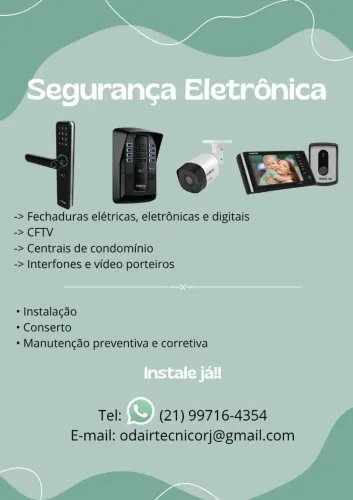 Técnico interfone, CFTV e portão automático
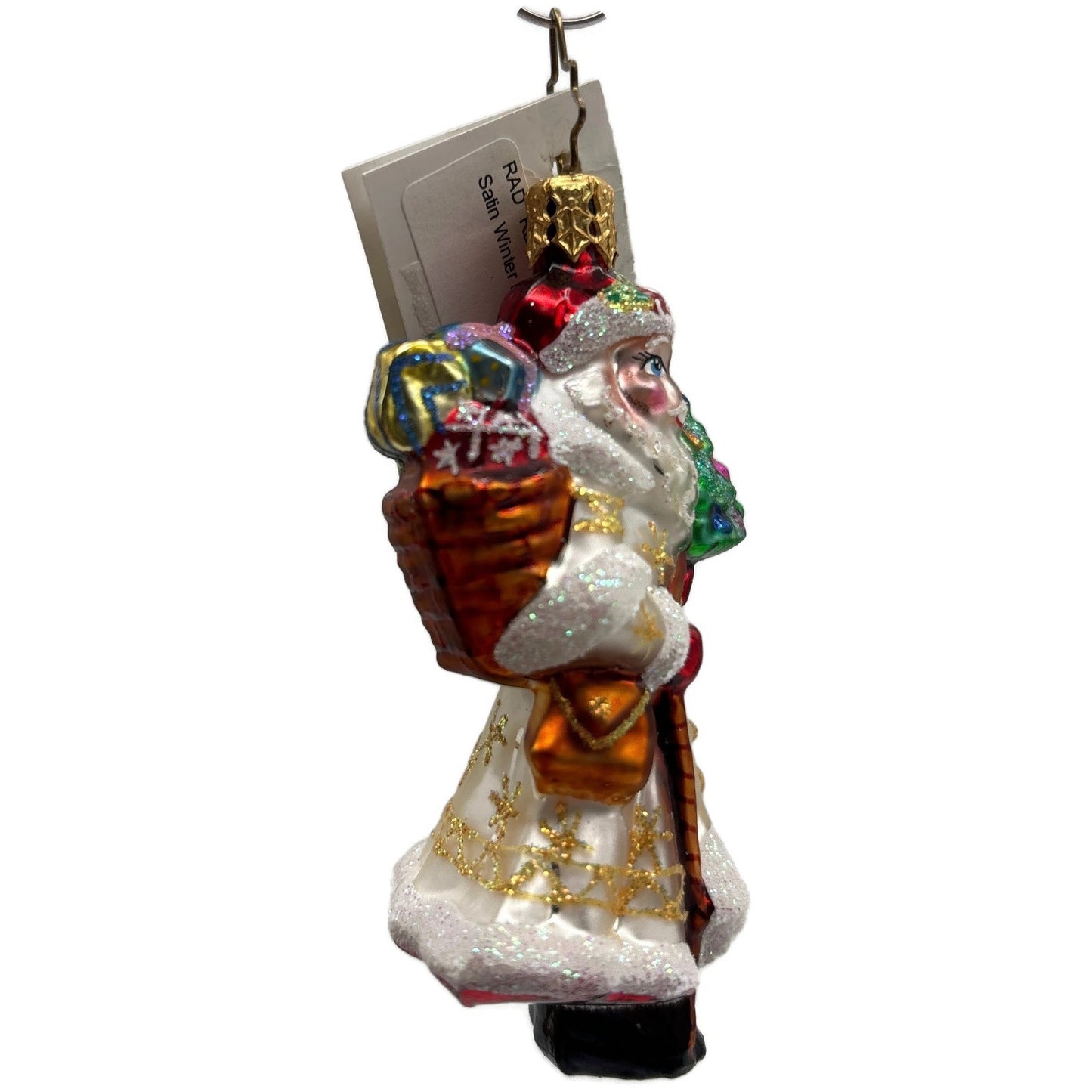 Christopher Radko Satin Winter Nick Little Gems Christmas Tree Ornament 1011242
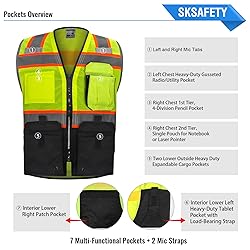 SKSAFETY 10 Pockets Professional level Safety
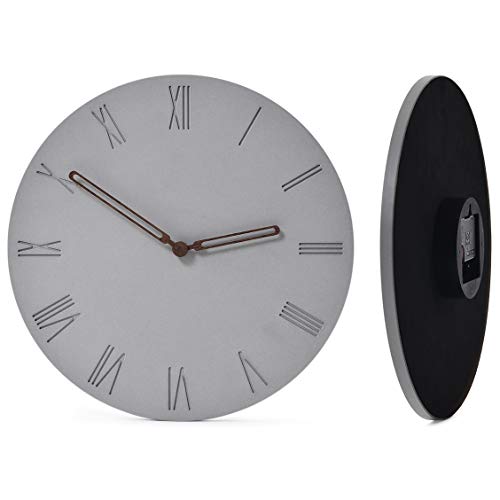 Wallohere Wall Clock Non Ticking Silent Wall Clocks Battery...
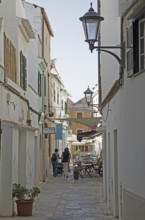 Old Town Street in Mao, Mahon, Menorca, Spain, Europe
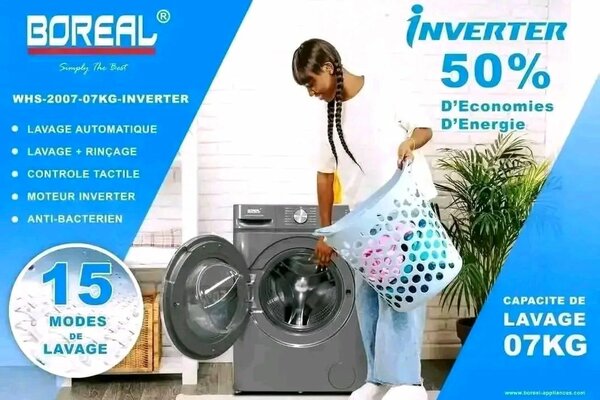 Lave-linge Inverter 12KG Boreal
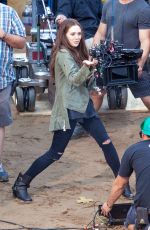 ELIZABETH OLSEN on the Set of Captain America: Civil War in Atlanta 05/20/2015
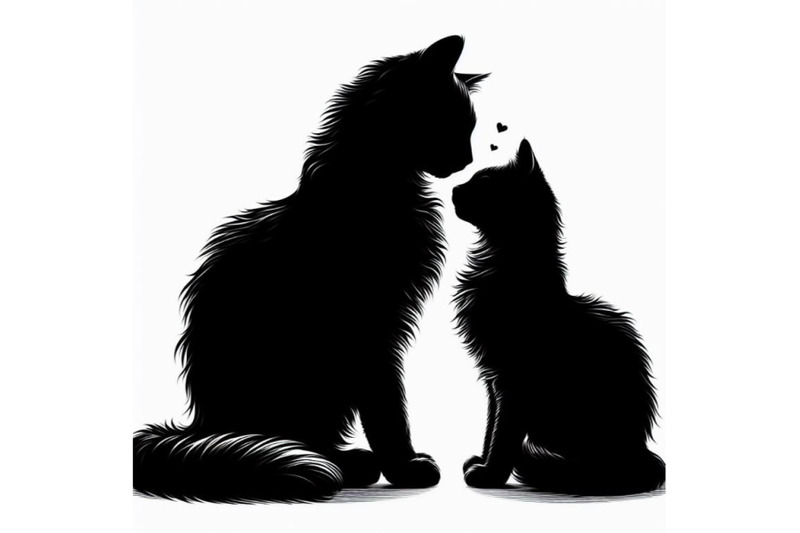 bundle-of-isolated-two-cats-in-love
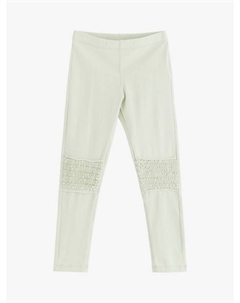Органический детский хлопок оборкой леггинсы до колена, цвет Light Green Lindex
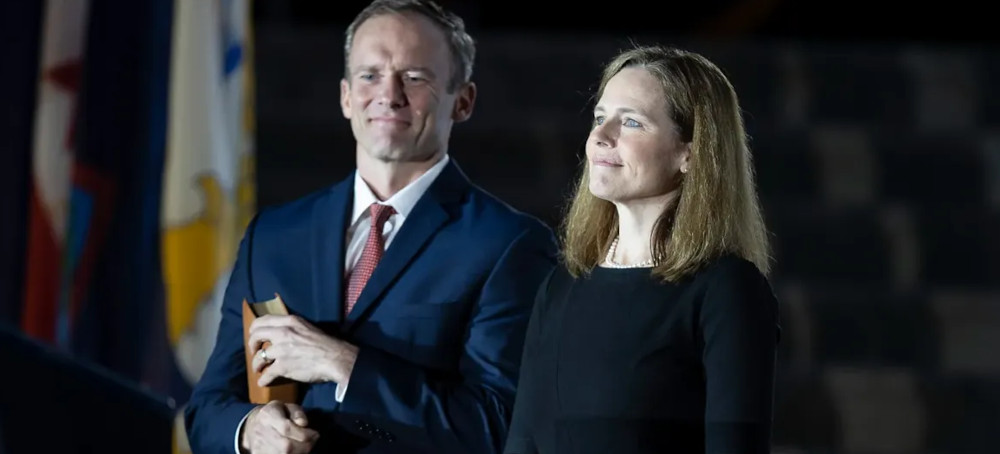 Amy Coney Barrett’s Husband Is Representing Fox in a Lawsuit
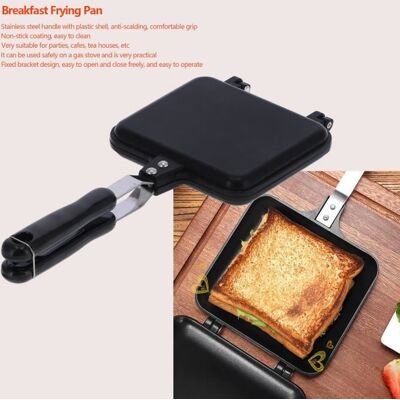 OEM Frühstückssandwichform, Antihaft-bratpfanne, Doppelseitige Sandwichpfanne, Toastbrot-backutensilien - Chg OEM Frühstückssandwichform, Antihaft-bratpfanne, Doppelseitige Sandwichpfanne, Toastbrot-backutensilien - Chg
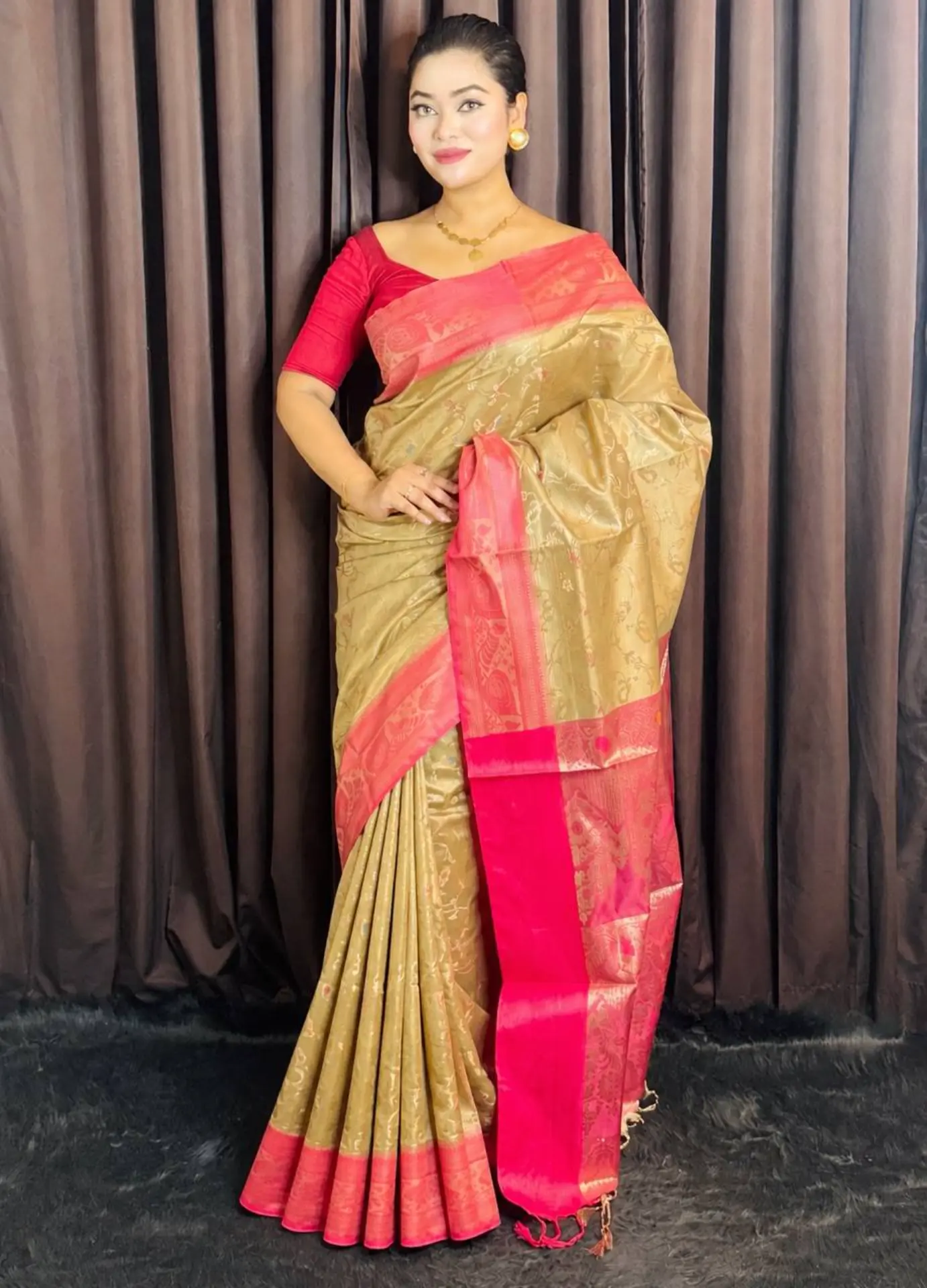 1 (1) katan Saree- কাতান শাড়ি-02 - Image 1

____________________

• [Exercise directions]: Working from the line that contains "Органический детский хлопок" to the last line of the listing, please quote each line exactly, pictures excluded.

• [Finished task]:
Органический детский хлопок оборкой леггинсы до колена, цвет Light Green Lindex
 Amy Coney Barrett’s Husband Is Representing Fox in a Lawsuit
 OEM Frühstückssandwichform, Antihaft-bratpfanne, Doppelseitige Sandwichpfanne, Toastbrot-backutensilien - Chg OEM Frühstückssandwichform, Antihaft-bratpfanne, Doppelseitige Sandwichpfanne, Toastbrot-backutensilien - Chg
 1 (1) katan Saree- কাতান শাড়ি-02 - Image 1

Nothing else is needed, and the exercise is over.